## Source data

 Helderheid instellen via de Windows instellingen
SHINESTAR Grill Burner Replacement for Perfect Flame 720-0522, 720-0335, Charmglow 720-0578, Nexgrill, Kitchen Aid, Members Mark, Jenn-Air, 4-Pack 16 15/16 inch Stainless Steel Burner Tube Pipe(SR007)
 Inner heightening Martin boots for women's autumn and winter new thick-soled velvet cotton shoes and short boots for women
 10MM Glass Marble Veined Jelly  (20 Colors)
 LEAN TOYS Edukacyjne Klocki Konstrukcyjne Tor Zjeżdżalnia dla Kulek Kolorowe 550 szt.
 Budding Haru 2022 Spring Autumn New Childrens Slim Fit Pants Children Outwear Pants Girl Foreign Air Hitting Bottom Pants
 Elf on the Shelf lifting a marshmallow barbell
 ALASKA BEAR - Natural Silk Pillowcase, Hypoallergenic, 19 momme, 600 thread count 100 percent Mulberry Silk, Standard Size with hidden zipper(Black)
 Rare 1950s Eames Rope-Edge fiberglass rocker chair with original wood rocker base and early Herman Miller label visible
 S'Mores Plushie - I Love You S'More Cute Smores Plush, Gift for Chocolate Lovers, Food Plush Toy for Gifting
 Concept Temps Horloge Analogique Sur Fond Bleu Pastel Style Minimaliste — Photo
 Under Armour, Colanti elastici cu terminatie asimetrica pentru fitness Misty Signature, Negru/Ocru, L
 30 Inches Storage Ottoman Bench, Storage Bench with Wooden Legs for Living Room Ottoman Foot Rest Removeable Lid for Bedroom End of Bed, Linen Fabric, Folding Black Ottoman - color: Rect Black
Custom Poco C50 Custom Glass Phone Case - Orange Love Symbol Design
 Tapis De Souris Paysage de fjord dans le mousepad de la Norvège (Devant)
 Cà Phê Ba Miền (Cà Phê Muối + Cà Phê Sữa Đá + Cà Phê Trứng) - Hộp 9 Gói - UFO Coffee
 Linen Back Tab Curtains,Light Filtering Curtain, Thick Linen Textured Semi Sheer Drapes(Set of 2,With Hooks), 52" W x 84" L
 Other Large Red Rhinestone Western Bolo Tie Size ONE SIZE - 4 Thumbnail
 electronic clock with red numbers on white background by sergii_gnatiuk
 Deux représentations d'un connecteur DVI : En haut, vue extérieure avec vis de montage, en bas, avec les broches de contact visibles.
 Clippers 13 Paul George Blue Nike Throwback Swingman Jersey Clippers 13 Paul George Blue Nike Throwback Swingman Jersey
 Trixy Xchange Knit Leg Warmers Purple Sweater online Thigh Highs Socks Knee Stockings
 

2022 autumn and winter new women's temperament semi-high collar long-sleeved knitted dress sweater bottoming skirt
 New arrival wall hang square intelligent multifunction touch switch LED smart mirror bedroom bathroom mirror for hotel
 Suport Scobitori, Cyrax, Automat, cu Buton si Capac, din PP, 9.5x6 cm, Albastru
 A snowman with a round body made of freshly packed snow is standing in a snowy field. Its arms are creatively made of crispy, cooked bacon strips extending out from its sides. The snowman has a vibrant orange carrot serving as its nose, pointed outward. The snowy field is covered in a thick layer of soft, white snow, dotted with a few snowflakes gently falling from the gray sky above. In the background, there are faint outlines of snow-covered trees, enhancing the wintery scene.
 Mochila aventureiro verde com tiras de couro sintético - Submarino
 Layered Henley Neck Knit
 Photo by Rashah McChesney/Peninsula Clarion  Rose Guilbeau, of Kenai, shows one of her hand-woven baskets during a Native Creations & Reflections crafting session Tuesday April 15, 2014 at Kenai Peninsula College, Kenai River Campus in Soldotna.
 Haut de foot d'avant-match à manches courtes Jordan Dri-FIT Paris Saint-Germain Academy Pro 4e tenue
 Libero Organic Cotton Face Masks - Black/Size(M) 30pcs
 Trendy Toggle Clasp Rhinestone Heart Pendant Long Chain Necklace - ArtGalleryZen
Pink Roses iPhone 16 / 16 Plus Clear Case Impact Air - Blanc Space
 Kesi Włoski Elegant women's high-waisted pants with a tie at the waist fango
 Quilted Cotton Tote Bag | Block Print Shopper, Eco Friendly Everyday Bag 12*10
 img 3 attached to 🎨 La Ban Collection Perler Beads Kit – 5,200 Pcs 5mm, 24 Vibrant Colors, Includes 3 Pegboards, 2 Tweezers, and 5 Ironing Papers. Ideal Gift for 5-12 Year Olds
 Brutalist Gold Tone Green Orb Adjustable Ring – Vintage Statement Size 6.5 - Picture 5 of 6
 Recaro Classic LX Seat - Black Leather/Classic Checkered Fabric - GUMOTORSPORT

## PROBLEM TO WORK ON
Copy the lines of the data above exactly as written, beginning with the line containing "Concept Temps Horloge" and ending with the line containing "Suport Scobitori, Cyrax, Automat, cu", and leave out all other lines.

## OUTPUT BELOW
 Concept Temps Horloge Analogique Sur Fond Bleu Pastel Style Minimaliste — Photo
 Under Armour, Colanti elastici cu terminatie asimetrica pentru fitness Misty Signature, Negru/Ocru, L
 30 Inches Storage Ottoman Bench, Storage Bench with Wooden Legs for Living Room Ottoman Foot Rest Removeable Lid for Bedroom End of Bed, Linen Fabric, Folding Black Ottoman - color: Rect Black
Custom Poco C50 Custom Glass Phone Case - Orange Love Symbol Design
 Tapis De Souris Paysage de fjord dans le mousepad de la Norvège (Devant)
 Cà Phê Ba Miền (Cà Phê Muối + Cà Phê Sữa Đá + Cà Phê Trứng) - Hộp 9 Gói - UFO Coffee
 Linen Back Tab Curtains,Light Filtering Curtain, Thick Linen Textured Semi Sheer Drapes(Set of 2,With Hooks), 52" W x 84" L
 Other Large Red Rhinestone Western Bolo Tie Size ONE SIZE - 4 Thumbnail
 electronic clock with red numbers on white background by sergii_gnatiuk
 Deux représentations d'un connecteur DVI : En haut, vue extérieure avec vis de montage, en bas, avec les broches de contact visibles.
 Clippers 13 Paul George Blue Nike Throwback Swingman Jersey Clippers 13 Paul George Blue Nike Throwback Swingman Jersey
 Trixy Xchange Knit Leg Warmers Purple Sweater online Thigh Highs Socks Knee Stockings
 

2022 autumn and winter new women's temperament semi-high collar long-sleeved knitted dress sweater bottoming skirt
 New arrival wall hang square intelligent multifunction touch switch LED smart mirror bedroom bathroom mirror for hotel
 Suport Scobitori, Cyrax, Automat, cu Buton si Capac, din PP, 9.5x6 cm, Albastru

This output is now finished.